なお、空海の灯した“消えずの火”で沸かされた湯は自由に飲め、万病を癒すと言われております。

宮島✕平清盛
厳島神社に見る平安武士の威厳

宮島といえば、厳島神社と大鳥居を思い浮かべる人は多いでしょう。その姿は、荘厳・優美・雅ーーー。いくら美辞麗句を並べ立て、言葉をつくしても説明できないほどの迫力と美しさです。宮島の象徴とも言える、厳島神社や大鳥居は平安時代に時の権力者「平清盛」が造り上げました。厳島神社は日本唯一となる海上にある社殿であり、また当時の貴族の邸宅をイメージしていて他に類を見ない建築の様式です。大鳥居も、それに見合う迫力ある姿をしております。

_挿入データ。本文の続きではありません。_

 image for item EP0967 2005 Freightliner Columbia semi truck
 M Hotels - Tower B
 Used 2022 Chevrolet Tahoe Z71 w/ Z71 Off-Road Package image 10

もともと、平清盛は身分の低い武士であったにもかかわらず、太政大臣(現在で言う総理大臣)まで上り詰めた存在であり、日本中にその功績と威厳を示すためにこのようなダイナミックな造りとしたわけです。令和に生きる私たちでも圧倒されるくらいです。当時の人たちはさぞかし厳島神社や大鳥居に、平清盛の圧倒的な存在を感じたことでしょう。

宮島✕誓真
島を救った江戸のヒーロー僧侶

日本史マニアにも言われることでしょう。「誓真ってだれ?まったく知らない」と。しかし、宮島にその名を知らない人はいません。江戸時代に起こった水飢饉にあえぐ宮島の人々を救った、地域のヒーロー的な存在だからです。誓真の本来の職業は僧侶であるものの、井戸や道などのインフラ整備を行い、その上に土産物の宮島しゃもじを考案し、宮島の人々の生活を支えました。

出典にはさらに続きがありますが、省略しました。